All Courses

Consistency Model Training: Distillation Approach

Leveraging the power of pre-trained diffusion models provides an effective route for training consistency models. This method, known as consistency distillation (CD), treats the existing diffusion model as a "teacher" that guides the training of the "student" consistency model. The goal is to transfer the generative capabilities learned by the iterative teacher model into a student model capable of fast, potentially single-step, generation.
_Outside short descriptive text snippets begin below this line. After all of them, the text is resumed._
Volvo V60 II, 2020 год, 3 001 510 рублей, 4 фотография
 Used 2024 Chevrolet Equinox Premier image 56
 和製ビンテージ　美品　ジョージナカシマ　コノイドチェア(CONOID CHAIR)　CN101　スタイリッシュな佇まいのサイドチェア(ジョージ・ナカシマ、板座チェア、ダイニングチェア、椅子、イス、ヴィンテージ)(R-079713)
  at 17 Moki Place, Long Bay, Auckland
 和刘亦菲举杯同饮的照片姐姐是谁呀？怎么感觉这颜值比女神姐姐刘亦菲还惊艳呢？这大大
The Teacher-Student Framework

In this setup:

Teacher Model ( $\phi$ ): This is a pre-trained, high-performing diffusion model (like a DDPM or DDIM-trained model). Its role is to provide accurate estimates of the solution paths defined by the probability flow ODE associated with the diffusion process. It doesn't generate the final output directly but provides the necessary intermediate steps or score estimates. The teacher model's parameters ( $\phi$ ) are frozen during consistency distillation.
Student Model ( $\theta$ ): This is the consistency model $f_\theta(x, t)$ we aim to train. It takes a noisy input $x_t$ and a timestep $t$ and directly predicts the estimated origin of the trajectory, $\hat{x}_0$ .
Target Model ( $\theta^-$ ): To stabilize training and improve performance, a separate target network $f_{\theta^-}(x, t)$ is typically used. This network's parameters ( $\theta^-$ ) are an exponential moving average (EMA) of the student model's parameters ( $\theta$ ). It provides the target values for the student model's predictions during training.

The core idea is to train the student model $f_\theta$ such that its output remains consistent along the trajectories defined by the teacher model $\phi$ .

The Consistency Distillation Objective

Recall the consistency property: for any pair of points $(x_t, x_{t'})$ on the same ODE trajectory where $t' < t$ , we want $f(x_t, t) \approx f(x_{t'}, t')$ . Distillation enforces this by minimizing the difference between the student model's output at a later time $t$ and the target model's output at an earlier time $t'$ on the same trajectory, where the step from $x_t$ to $x_{t'}$ is estimated using the teacher model.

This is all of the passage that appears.